Daniel Sarfati a relu « L'Aleph » de Jorge Luis Borges (L'imaginaire, Gallimard). Il évoque les références de ce texte avec la Kabale et les liens que le grand poète et romancier argentin, qui aimait déchiffrer les labyrinthes de la pensée, entretenait avec le peuple juif.
En 1946, l’écrivain et poète argentin Jorge Luis Borges n’a pas encore une grande renommée et travaille modestement dans une bibliothèque municipale de Buenos Aires.
Il est fonctionnaire.
Le guide dans le labyrinthe des livres
Mais ses écrits très critiques sur Juan Perón, le dictateur qui dirige le pays, lui attirent les foudres de l’administration, qui ordonne sa mutation. Il faut surtout humilier l’intellectuel, l’érudit.

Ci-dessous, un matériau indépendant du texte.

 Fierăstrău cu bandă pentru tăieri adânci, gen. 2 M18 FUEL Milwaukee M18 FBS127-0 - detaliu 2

Il est nommé « inspecteur des volailles et des lapins » des marchés de la capitale.
Borges refusera ce poste.
Il devra attendre jusqu’en 1955, lorsque Perón sera chassé du pouvoir, pour être nommé à la tête de la Bibliothèque Nationale.

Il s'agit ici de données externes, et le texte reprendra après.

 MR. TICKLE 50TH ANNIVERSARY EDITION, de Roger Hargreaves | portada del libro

L’écrivain aveugle n’y aura pas besoin d’une canne pour se guider dans le labyrinthe des livres.
Une fascination pour le peuple juif
Jorge Luis Borges, né Jorge Francisco Isidoro Luis Borges Acevedo, était fasciné par le peuple juif et son destin.
A la presse antisémite de son pays qui « l’accusait » d’être juif, il répondait qu’à son grand regret et malgré des recherches approfondies, il ne l’était pas.
Mais que si ses détracteurs avaient des informations précises sur ses origines juives, il serait très heureux d’en prendre connaissance.
C’est son ami, le Pr Maurice Abramowicz du Collège Calvin de Genève qui lui révélera que le patronyme « Acevedo » a été celui de nombreux marranes.
Ému, Borges lui répondra :
« Je ne sais pas comment faire honneur à ce sang juif qui coule dans mes veines. »
Borges était séfarade.
Inspirations de la Kabbale
Beaucoup de nouvelles de Borges sont inspirées par la Kabbale et en particulier « L’Aleph ».
L’Aleph a été édité en traduction française chez Gallimard en 1967, par les soins de Roger Caillois.
Borges y évoque l’apparition insolite de la lettre hébraïque Aleph (ou d’un objet étrange qui lui correspondrait), dans « un lieu où se trouvent sans se confondre tous les lieux de l’univers ». En hébreu, chaque lettre a une valeur numérique, Aleph possède la valeur numérique un.
C’est un A muet, qui n’est pas une voyelle mais une consonne comme le H.
Elle est chargée d’un grand sens mystique dans la littérature ésotérique juive
Cette première lettre de l’alphabet hébraïque représente de façon muette le 1, l’unicité de Dieu.
Dieu ne se dit pas.
Le Aleph א est aussi le signe de l’Infini.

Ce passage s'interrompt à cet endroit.